Fiktive Fallgeschichte – Depression – Teil 1

Stellen Sie sich vor, Sie hätten ein Problem, für das Sie einfach keine Lösung finden. Oder Sie fühlen sich von Gedanken, Ängsten oder Gefühlen so eingeengt, dass Sie keinen Ausweg finden, sich aber auch niemandem anvertrauen können. Vielleicht fragen Sie sich, ob und wie Ihnen eine Therapie in dieser Situation helfen kann. In dieser Rubrik stelle ich Ihnen Geschichten vor, die auf meinen Erfahrungen als Therapeut beruhen.
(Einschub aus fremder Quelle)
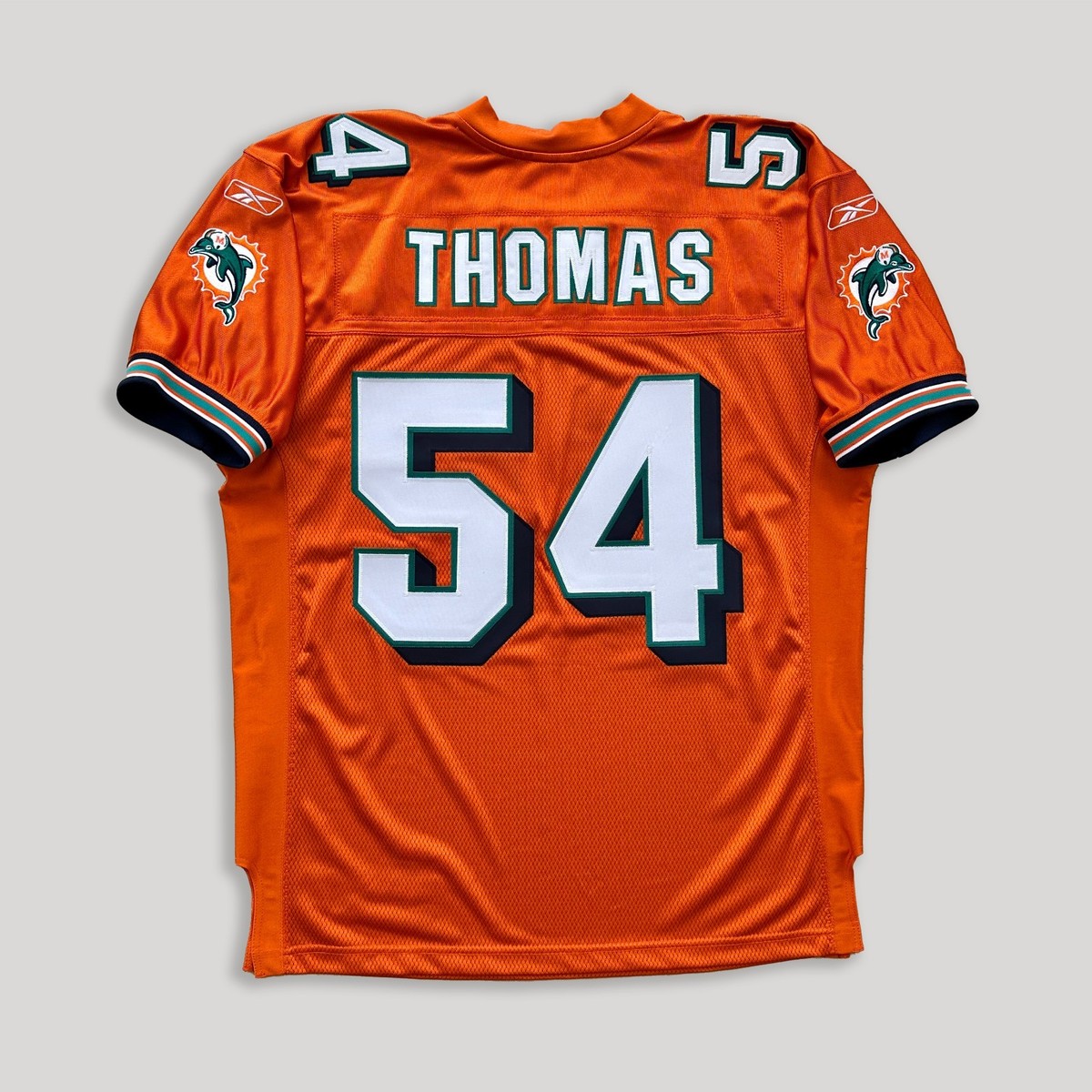 Reebok Zach Thomas Miami Dolphins Orange Alternate Sewn Authentic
Ich habe mich dafür von tatsächlichen Geschichten und Erzählungen meiner Klienten ebenso inspirieren lassen wie von der Literatur, mit der ich mich weiterbilde. Das bedeutet, diese Fälle könnten tatsächlich geschehen, sind aber keine Erzählungen aus meiner Praxis. Denn selbstverständlich ist Diskretion oberstes Gebot meiner Arbeit, sie ist die Basis für das Vertrauen, das zwischen meinen Klienten und mir herrscht. Mit den Geschichten in dieser Rubrik, die ich für Sie geschrieben habe, möchte ich Ihnen eine Vorstellung davon geben, wie eine Therapie bei uns ablaufen könnte.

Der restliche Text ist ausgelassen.